The ductility and modernity of Cole Porter’s songs adapts to very different styles: the Malian singer-songwriter Salif Keita resumes Begin the beguine, stripping her of her colonial exoticism to bring her back to Africa. Annie Lennox caresses with extraordinary sensitivity Ev’ry time we say goodbye, a song about saying goodbye that in the context of a generational massacre such as that of AIDS becomes particularly effective. U2 have an easy game: they choose one of Cole Porter’s most memorable songs, Night and day, but by I don’t know what miracle they manage not to crush it but, on the contrary, they handle it with the delicacy of a Murano glass blower. Sinéad O’Connor takes up the sensual and dreamy You do something to me, with an arrangement very similar to that of Marlene Dietrich’s version of 1939. Unlike Dietrich, however, Sinéad sings it as if she were a child enchanted by some magic, by that “voodoo that you do so well”, that voodoo you know do so well. Erasure and Jimmy Sommerville take us to the disco with a synth pop version of Too darn hot and a disk reread of From this moment on, while the Jungle Brothers manage to mix jazz and hip hop in their irreverent but spectacular reassembly of I get a kick out of you. Deborah Harry and Iggy Pop steal the show with their grungy, punk take on Well did you evah!, a song made famous by the film High society of 1956. Iggy and Debbie’s high society is the underground New York of the homeless, the junkies and the drug addicts in which they wander around like a ragged, hallucinatory version of Grace Kelly and Frank Sinatra.

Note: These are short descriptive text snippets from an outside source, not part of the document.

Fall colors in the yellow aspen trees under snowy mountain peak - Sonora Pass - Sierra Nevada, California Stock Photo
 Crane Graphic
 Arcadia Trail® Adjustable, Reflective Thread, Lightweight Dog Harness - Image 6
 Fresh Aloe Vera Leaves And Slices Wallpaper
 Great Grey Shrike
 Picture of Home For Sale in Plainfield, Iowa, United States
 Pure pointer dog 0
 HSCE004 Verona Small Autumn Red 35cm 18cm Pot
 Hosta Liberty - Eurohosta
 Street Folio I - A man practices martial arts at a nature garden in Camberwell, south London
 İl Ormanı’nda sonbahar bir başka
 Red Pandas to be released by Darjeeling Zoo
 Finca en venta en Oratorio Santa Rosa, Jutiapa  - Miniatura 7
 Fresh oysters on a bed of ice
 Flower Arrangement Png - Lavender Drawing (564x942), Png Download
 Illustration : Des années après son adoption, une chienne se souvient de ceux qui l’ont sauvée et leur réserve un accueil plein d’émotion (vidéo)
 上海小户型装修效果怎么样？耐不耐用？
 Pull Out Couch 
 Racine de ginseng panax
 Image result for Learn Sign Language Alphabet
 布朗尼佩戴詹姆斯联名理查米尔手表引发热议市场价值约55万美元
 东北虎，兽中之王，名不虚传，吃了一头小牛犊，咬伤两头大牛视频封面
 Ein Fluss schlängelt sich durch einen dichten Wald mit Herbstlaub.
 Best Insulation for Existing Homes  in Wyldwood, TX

See also  Arnold Schwarzenegger thanks Colombia for putting him #1 on Netflix

kd lang with his flawless interpretation of So in love brings us back down to earth and transforms the most classic of love songs into a collective elegy for missing persons. When he sings of arms that clasp to embrace the void and says: “Torment me, hurt me, deceive me, abandon me but I am yours until I die” we understand that this is a song for a great love that no longer exists. Is exactly So in love which brings us back to the great theme of Rebecca Makkai’s novel: that of the void, or rather of the voids to be filled today with the shared and reasoned memory of what happened.

Various Artists
Red hot + blue
Chrysalis, 1990

.

You may also like

Leave a Comment

This site uses Akismet to reduce spam. Learn how your comment data is processed.